[Given data — start]

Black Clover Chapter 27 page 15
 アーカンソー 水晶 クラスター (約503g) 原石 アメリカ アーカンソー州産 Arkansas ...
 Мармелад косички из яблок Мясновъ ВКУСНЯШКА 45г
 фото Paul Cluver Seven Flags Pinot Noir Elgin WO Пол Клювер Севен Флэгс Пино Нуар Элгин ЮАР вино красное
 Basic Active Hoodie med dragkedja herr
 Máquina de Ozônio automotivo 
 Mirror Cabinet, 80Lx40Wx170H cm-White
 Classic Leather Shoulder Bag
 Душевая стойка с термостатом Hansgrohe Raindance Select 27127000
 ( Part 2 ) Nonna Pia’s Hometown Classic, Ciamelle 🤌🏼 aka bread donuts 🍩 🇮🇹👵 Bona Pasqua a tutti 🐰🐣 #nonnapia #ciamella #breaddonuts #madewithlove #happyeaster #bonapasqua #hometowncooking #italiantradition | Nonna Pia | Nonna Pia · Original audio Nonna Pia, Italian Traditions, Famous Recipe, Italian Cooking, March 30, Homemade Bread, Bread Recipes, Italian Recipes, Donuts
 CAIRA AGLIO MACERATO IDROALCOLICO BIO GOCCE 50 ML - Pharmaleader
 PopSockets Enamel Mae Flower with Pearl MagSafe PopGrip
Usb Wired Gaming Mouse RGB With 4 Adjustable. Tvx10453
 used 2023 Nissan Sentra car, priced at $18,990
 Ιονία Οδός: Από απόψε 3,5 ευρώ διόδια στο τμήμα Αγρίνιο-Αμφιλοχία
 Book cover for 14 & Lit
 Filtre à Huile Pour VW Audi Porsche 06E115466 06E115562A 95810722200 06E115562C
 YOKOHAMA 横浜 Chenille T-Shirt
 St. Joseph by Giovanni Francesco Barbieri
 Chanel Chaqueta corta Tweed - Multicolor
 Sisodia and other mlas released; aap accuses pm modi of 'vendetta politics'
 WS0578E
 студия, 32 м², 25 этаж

[Given data — finish]

-- Work task --
Only the lines of the data holding the string "Classic" are wanted; copy each of them.

-- Solution for this problem --
 Classic Leather Shoulder Bag
 ( Part 2 ) Nonna Pia’s Hometown Classic, Ciamelle 🤌🏼 aka bread donuts 🍩 🇮🇹👵 Bona Pasqua a tutti 🐰🐣 #nonnapia #ciamella #breaddonuts #madewithlove #happyeaster #bonapasqua #hometowncooking #italiantradition | Nonna Pia | Nonna Pia · Original audio Nonna Pia, Italian Traditions, Famous Recipe, Italian Cooking, March 30, Homemade Bread, Bread Recipes, Italian Recipes, Donuts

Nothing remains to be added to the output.